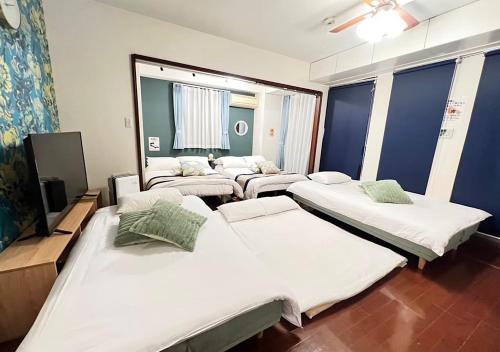 Giường trong phòng chung tại Regalia Hills Shibuya Dogenzaka - Vacation STAY 15550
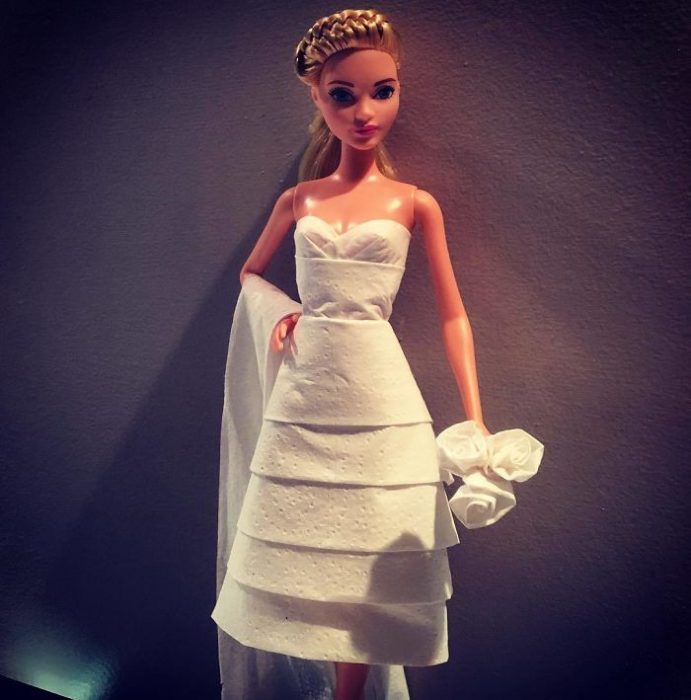 Muñeca barbie usando un vestido blanco de novia hecho con papel higiénico 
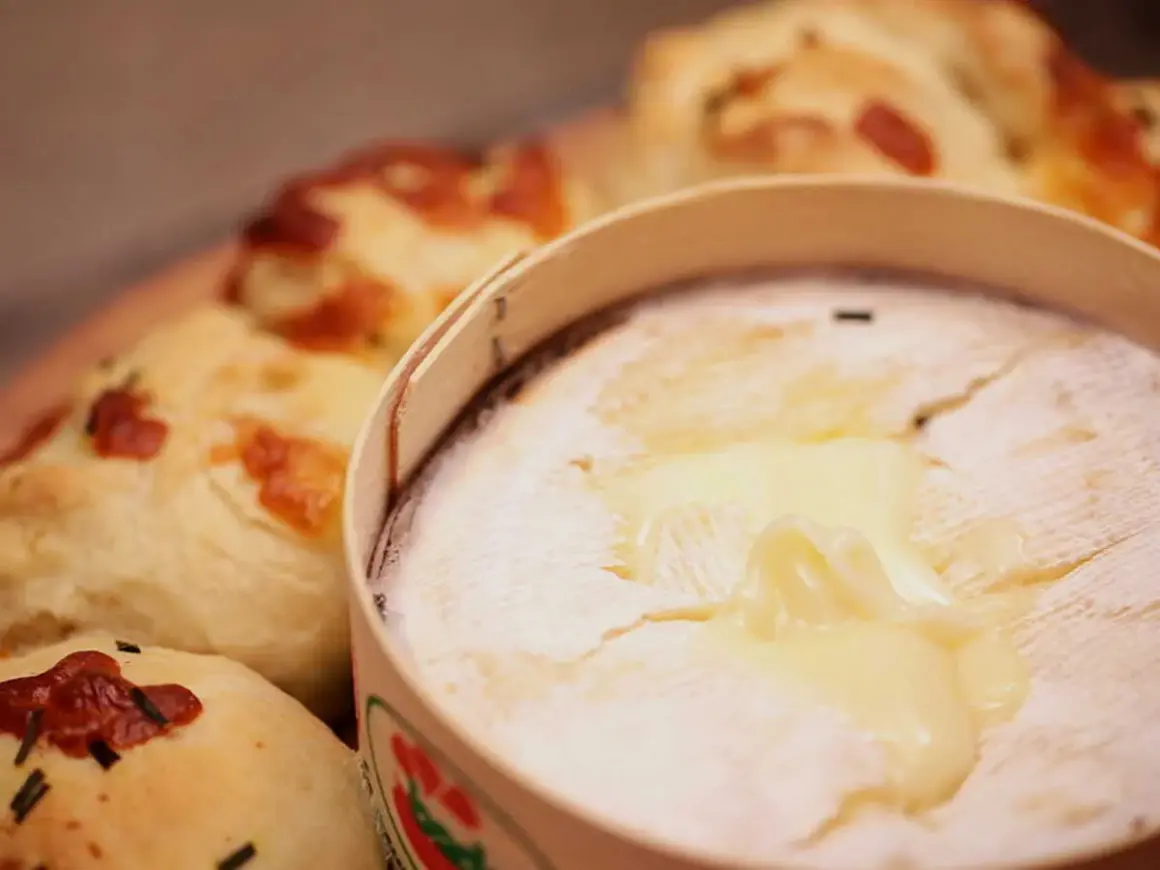 Un Mont d'Or fondant, prêt à être dégusté avec du pain croustillant. Parfait pour un repas convivial.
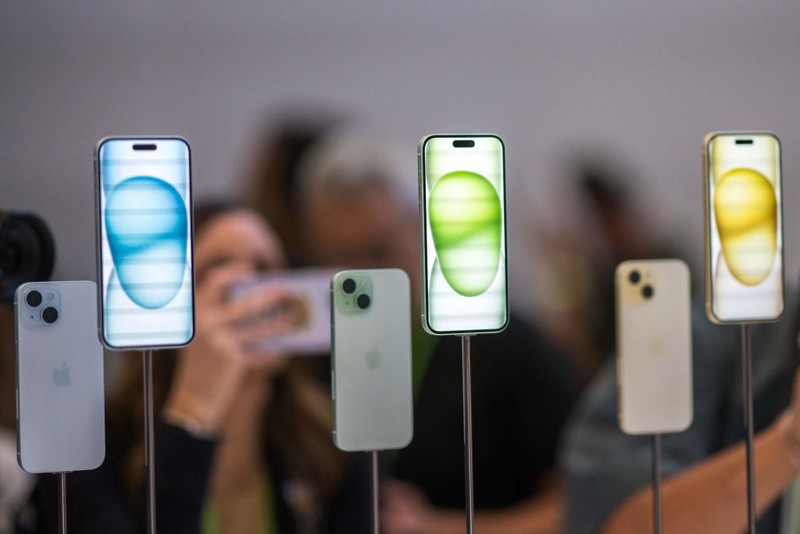 The new Apple iPhone 15 Pro models, with EU ordered USB-C charger, is displayed amongst other new products during a launch event at Apple Park in Cupertino, California, on September 12, 2023. (Photo by Nic Coury / AFP) (Photo by NIC COURY/AFP via Getty Images)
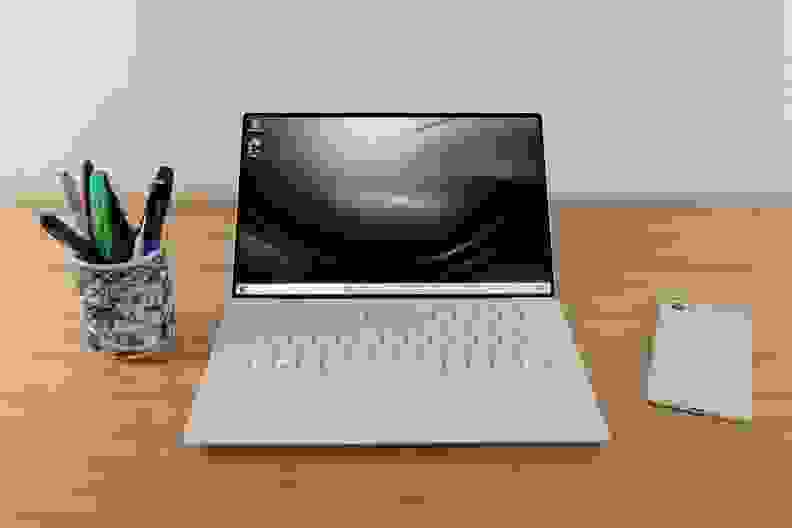 An open laptop on top of a desk with a cup of pens and a phone on either side.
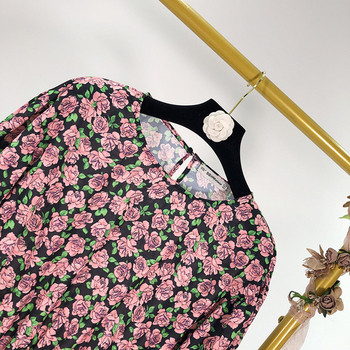 Női ruha hosszú ujjal és elasztikus anyaggal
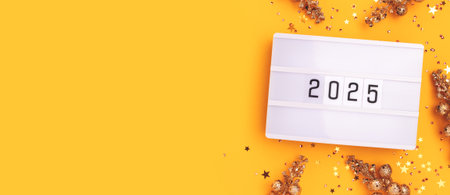 Banner with 2025 numbers, lightbox, gold colored stars confetti and decorative branches on a yellow...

● ● ● ● ●

* AIM OF THE EXERCISE: Give the listing again word for word, but drop every picture.

* FINISHED EXERCISE:
 Giường trong phòng chung tại Regalia Hills Shibuya Dogenzaka - Vacation STAY 15550
 Muñeca barbie usando un vestido blanco de novia hecho con papel higiénico 
 Un Mont d'Or fondant, prêt à être dégusté avec du pain croustillant. Parfait pour un repas convivial.
 The new Apple iPhone 15 Pro models, with EU ordered USB-C charger, is displayed amongst other new products during a launch event at Apple Park in Cupertino, California, on September 12, 2023. (Photo by Nic Coury / AFP) (Photo by NIC COURY/AFP via Getty Images)
 An open laptop on top of a desk with a cup of pens and a phone on either side.
 Női ruha hosszú ujjal és elasztikus anyaggal
 Banner with 2025 numbers, lightbox, gold colored stars confetti and decorative branches on a yellow...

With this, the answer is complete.